Twenty-five years ago, this man, code-named "Mike" for security reasons, fled Iraq as Hussein consolidated power. Two weeks ago, he returned as a member of a US-trained opposition militia. "I left by car and I came back by Humvee," he recounts. "I was happy to come back with the Americans." In 1978, when he left, he took a handful of dust and kissed it. When he returned, he took dust and kissed it again.
As he rode in the Humvee en route to the former Iraqi air base of Talil, outside Nasariyah, Mike looked intently at the people. The kids waved at him. But the older people looked away. Mike chalked it up to the US pullout after the first Gulf War. "They were still afraid," he said to himself. But he wanted to tell them: "No, my people, this time it will be real.'"
When Hussein's statue toppled in Baghdad, Mike's comrade Ishmael ran up and told him the news. "I thought he was kidding so I took the radio," he recalls. Then he heard it for himself. "I was crying, I was screaming."
"I wanted a TV. I wanted to see it with my own eyes," he says. He likened the moment to the fall of the Berlin Wall.

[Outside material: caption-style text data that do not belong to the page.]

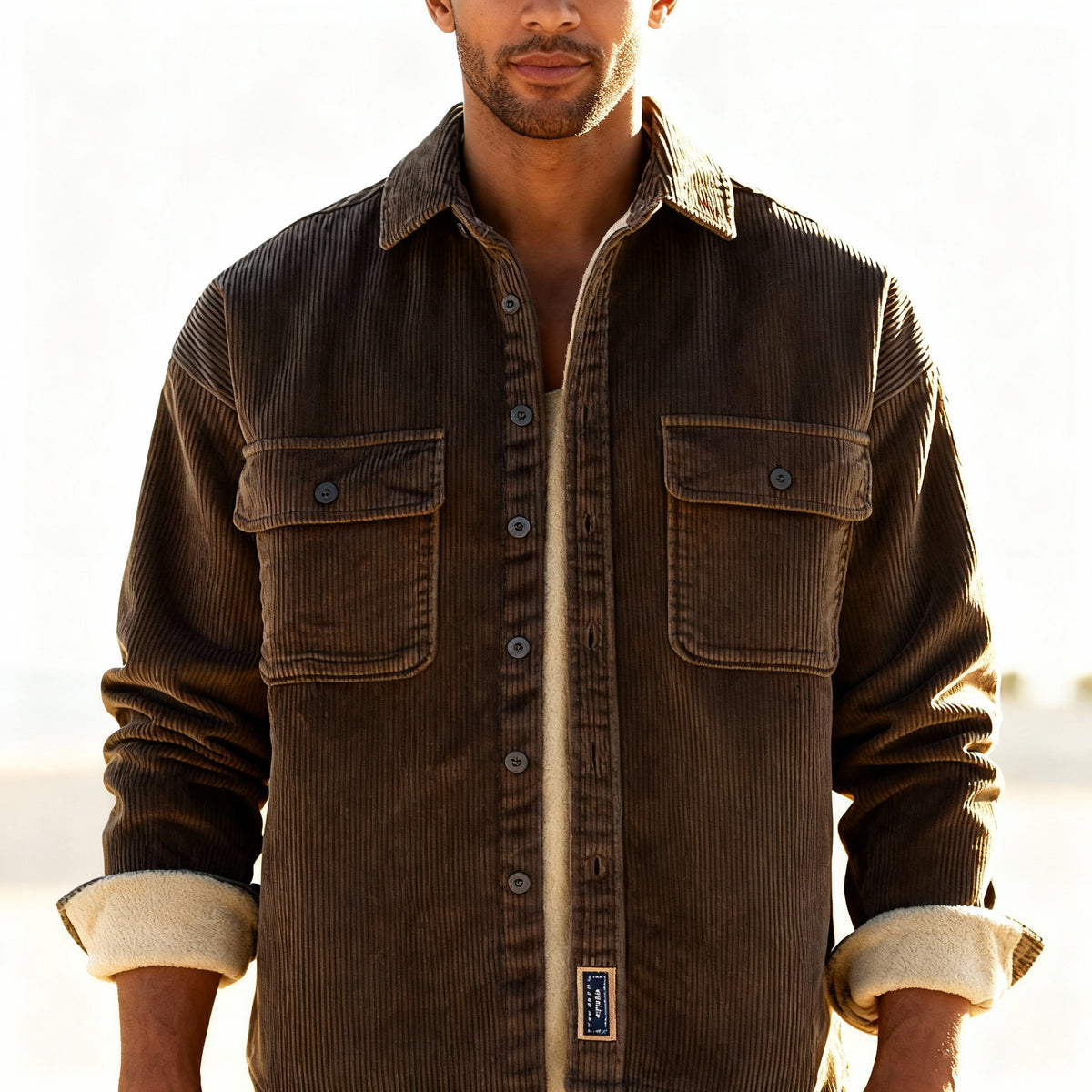 Fordham Overshirt
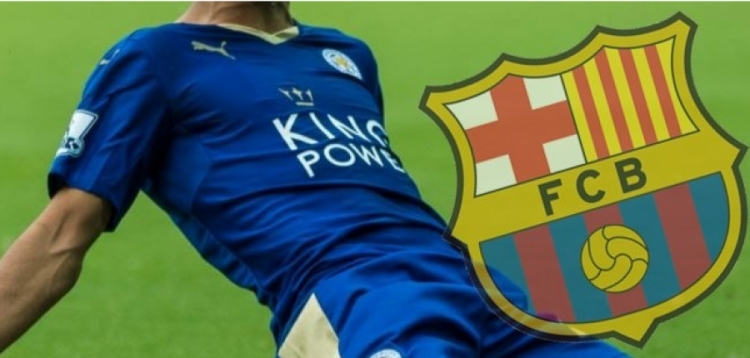 Lamtumirë Leicester City, transferohet te Barcelona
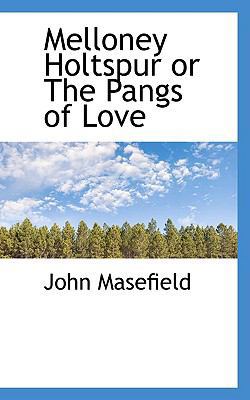 Melloney Holtspur or the Pangs of Love 1110607210 Book Cover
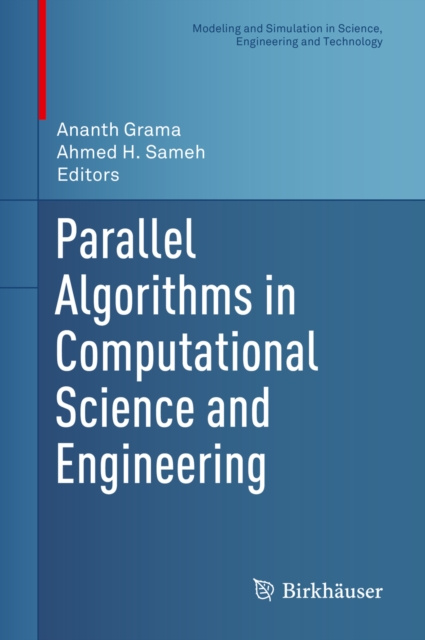 E-knjiga Parallel Algorithms in Computational Science and Engineering Ananth Grama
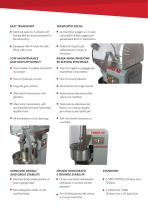 FENICE 45-60-80 TWIN ARM MIXER ITA - 3
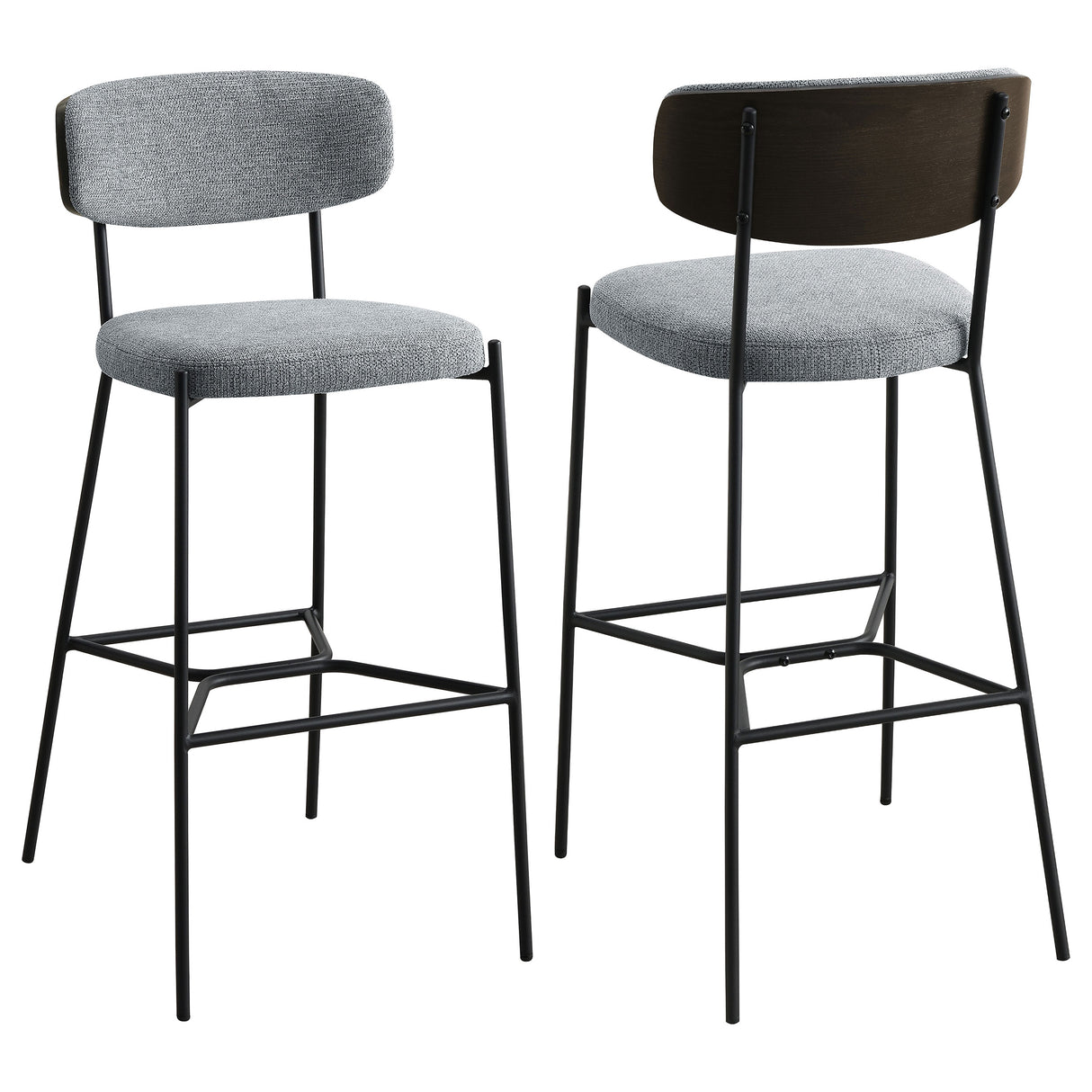 Elison Pub Height Bar Stool (Set of 2)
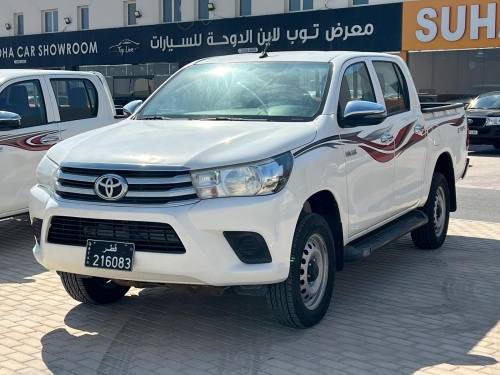 Toyota Hilux  2021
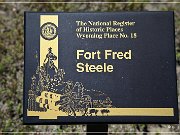 Fort Fred Steele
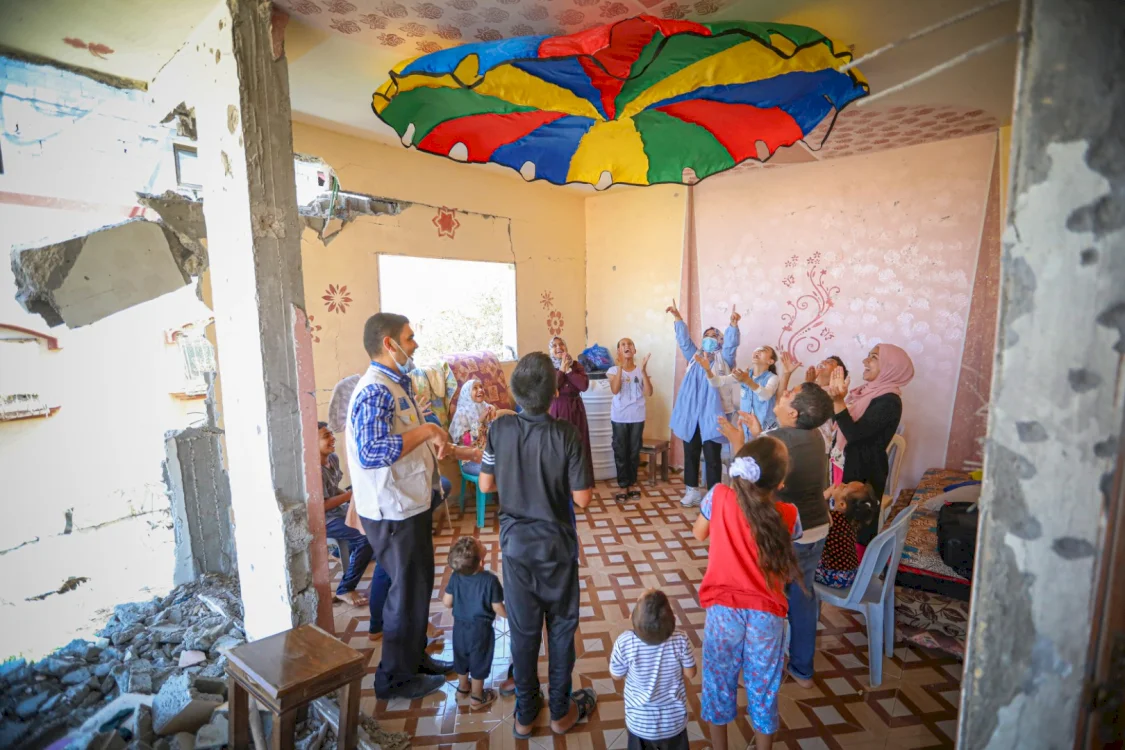 Humanitarian relief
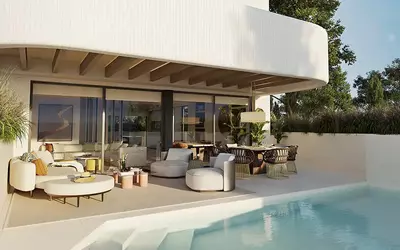 Apartment in Marbella
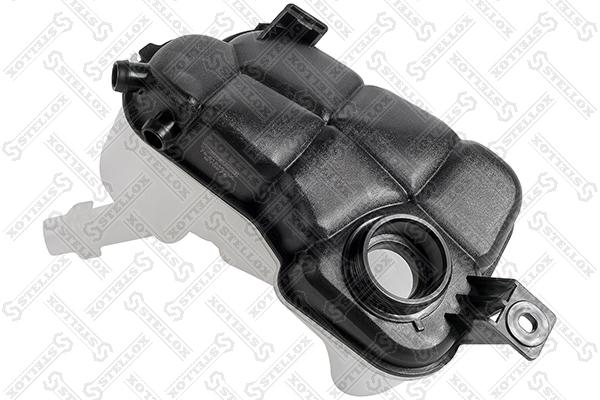Expansion Tank, coolant (75-51246-SX)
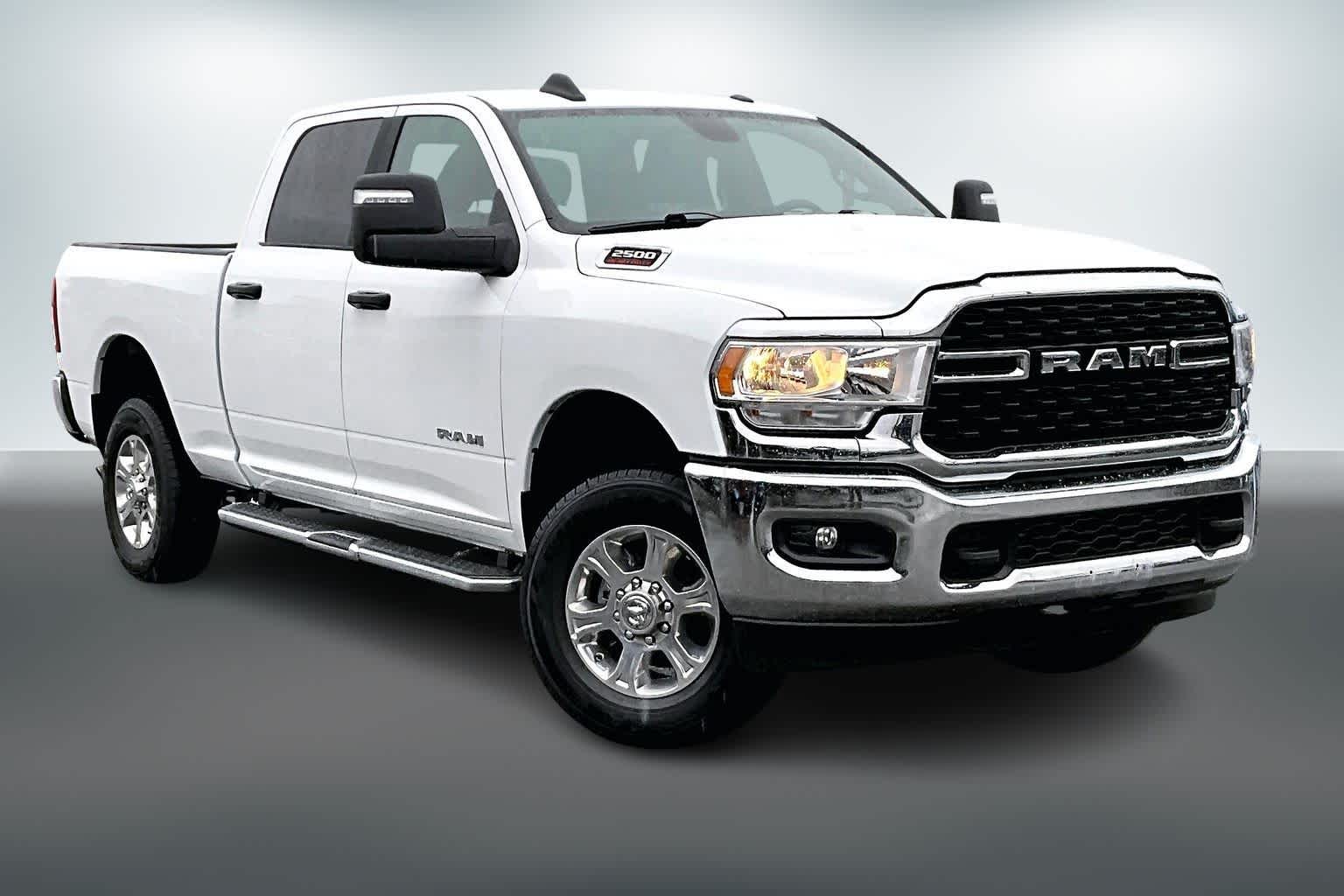 Thumbnail: 2024 RAM 2500 - 21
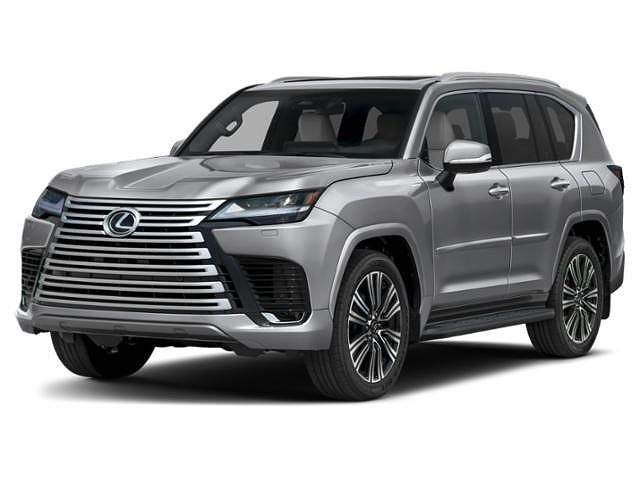 2026 LEXUS LX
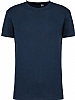 Camiseta BIO190IC Unisex Kariban - Color Navy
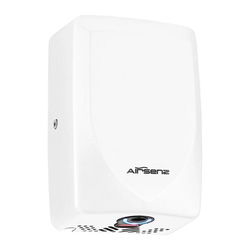 Airsenz / Airsenz Glide 1.0kW Hand Dryer White ABS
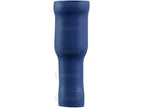 Terminal pré-isolado, Aperto Duplo - Fêmea, 1.5 - 2.5mm Azul (S.163556)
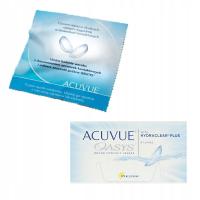 Контактные линзы Acuvue Oasys 6pcs BC 8,4 мощность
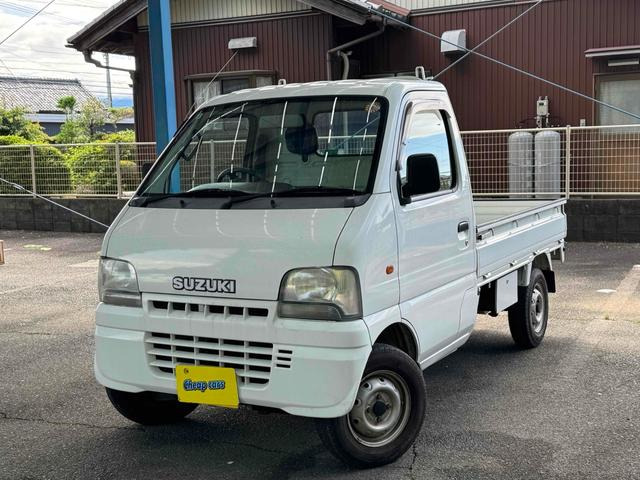 キャリイKU 4WD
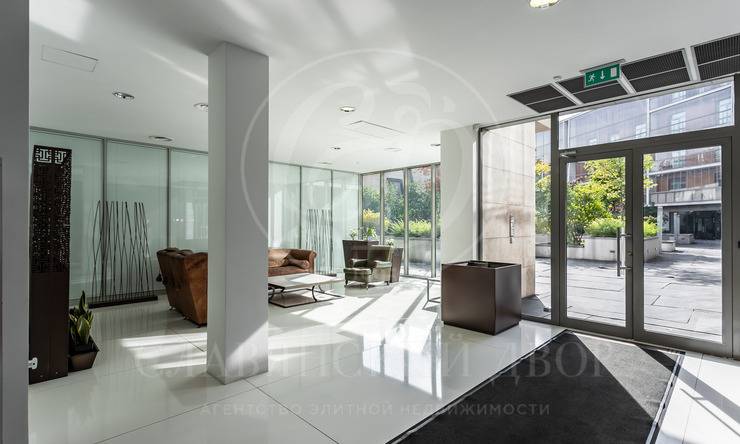 Лот-11926-313426 Продажа квартиры Остоженка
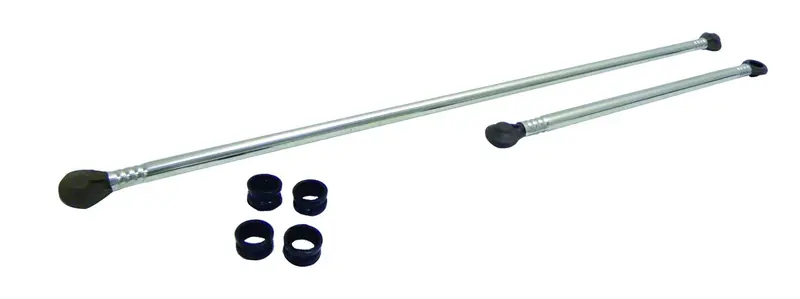 Crown Automotive 55156374Lk Windshield Wiper Linkage Kit – Jeep Replacement With Long & Short Arms 1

Back then, he remembers, the East Germans came over saying they wanted Volkswagens. "In Iraq, we want freedom, and freedom will bring us the right way to rebuilding."
• • •
Walid Aldalu was composing an e-mail on Wednesday afternoon in Amman, Jordan, exploring the prospects for work in post-war Iraq, when he looked up from his computer, glanced at the television, and saw the Stars and Stripes wrapped around a statue of Hussein. Was that the sort of "freedom" the Iraqi people deserved, he wondered, upset.
"What do you want to show, that you are torturers?" he yelled out at the young American who had tied the flag to the effigy. "Don't do it!"
Mr. Aldalu, a Palestinian who runs his own satellite-dish installation business in Amman, is not pleased with the behavior of the Americans. Nonetheless, he has high hopes for the aftermath of the war - both for Iraq, and for himself personally.
"I want to be part of reconstructing Iraq," he says. "I have contacts in the communications field, and in construction, and I hope I can do something useful for the foreign companies that will come," he comments. "The economic situation in Jordan is not so great at the moment, and I want to improve my income. Everybody wants to do that, but I want to do it in a good way."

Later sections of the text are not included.